Warum wird kühlgefiltert?

Natürlichkeit liegt voll im Trend. Ob es um Essen oder Kosmetik geht, viele streben nach einem natürlichen Lebensstil. Auch vielen Whiskyliebhabern ist es wichtig, natürlichen Whisky mit vollem Aroma zu genießen.

In diesem Zusammenhang stellt sich die Frage: Wenn das 'Nicht-Kühlfiltern' so angesagt ist, warum kühlfiltern dann so viele große Whisky-Hersteller immer noch? Zumal eine Kühlfilterung ja mit einigem Aufwand verbunden und zudem eine Geldfrage ist: Man braucht Equipment zur Temperaturregelung, Filter, Arbeitskräfte, Energie und Zeit.

Video von Horst Lüning zum Thema Kühlfilterung aus dem Jahr 2013

Wie wird kühlgefiltert?

Der Whisky muss zunächst auf 0-4° C abgekühlt werden. Manche Hersteller kühlen sogar bis auf -10° C herunter, sodass der Whisky noch weniger zur Trübung neigt. Denn Whisky beginnt später beim Genuss unterhalb der Temperatur zu trüben, auf die er bei der Kühlfilterung heruntergekühlt wurde.

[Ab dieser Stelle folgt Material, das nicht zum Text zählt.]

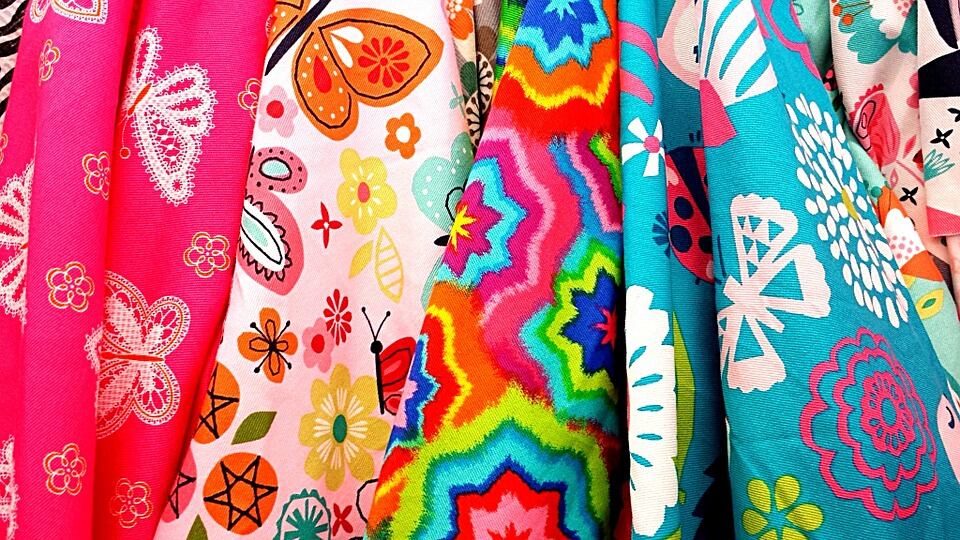 Moda: i tessuti migliori da indossare in primavera ed estate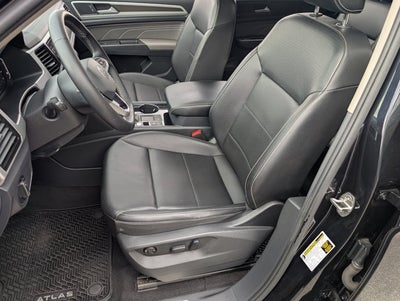 2022 Volkswagen Atlas 3.6L V6 SE w/Technology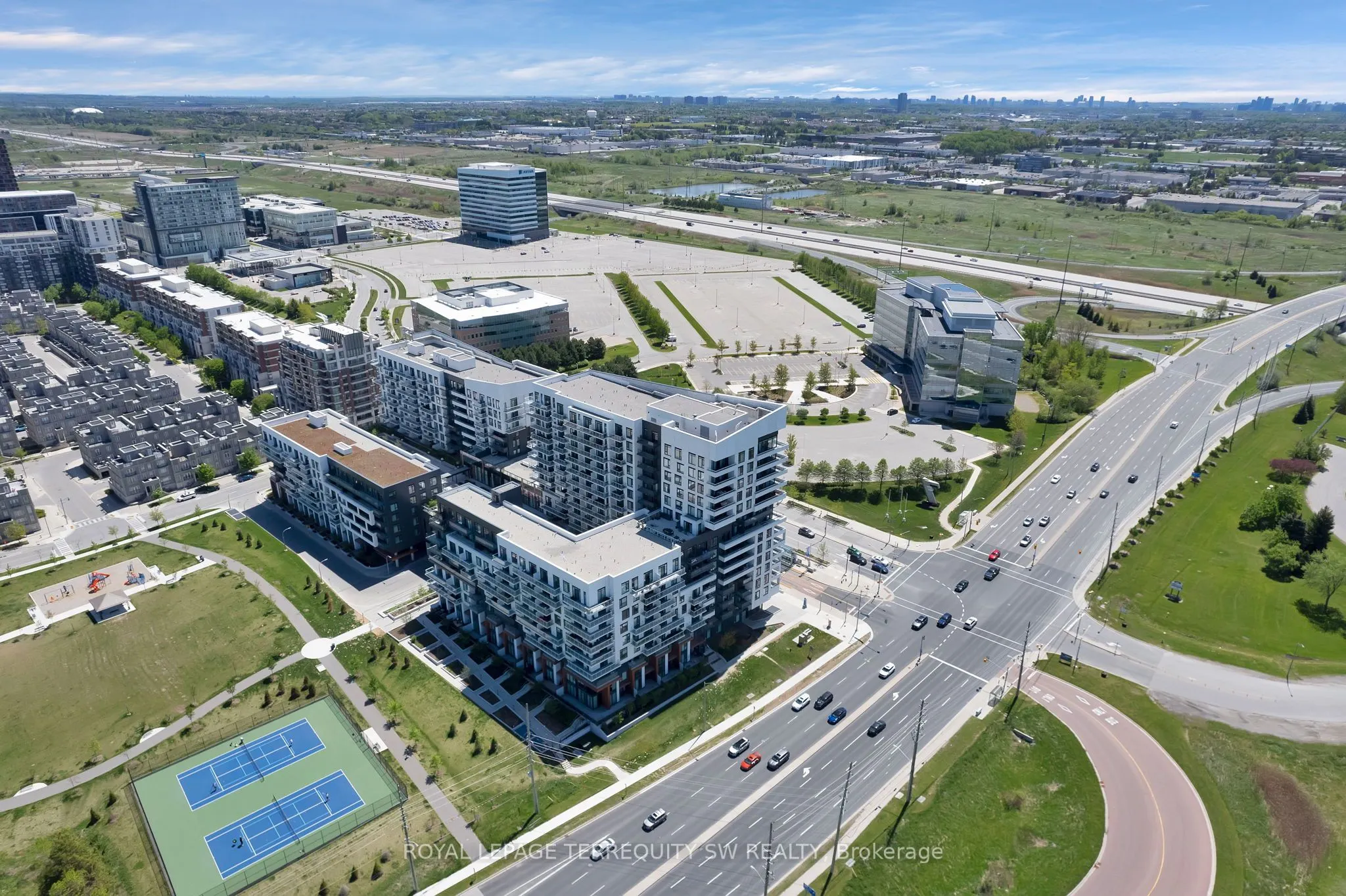 10 Rouge Valley Drive W, #616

Nachdem er also auf die gewünscht niedrige Temperatur gebracht wurde, drückt man den Whisky durch einen Papierfilter, der aus circa 20-25 Lagen besteht. Diese Filter müssen logischerweise regelmäßig ausgewechselt werden. Zudem bleibt stets eine Restmenge Whisky im Filter zurück, wodurch für den Hersteller ein weiterer Verlust entsteht.

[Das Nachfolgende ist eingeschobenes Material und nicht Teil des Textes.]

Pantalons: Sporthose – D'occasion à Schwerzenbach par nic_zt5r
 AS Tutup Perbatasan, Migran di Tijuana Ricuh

Es soll so manche kostensparende schottische Whiskyhersteller geben, die sich dabei im Winter auch das Abkühlen sparen und den Whisky bei Außentemperaturen um die 0 Grad einfach so durch den Filter pressen. 

Dennoch: Spart man sich den Prozess der Kühlfilterung, spart man sich bares Geld, Arbeitszeit und Ressourcen. 

Was passiert bei der Kühlfilterung?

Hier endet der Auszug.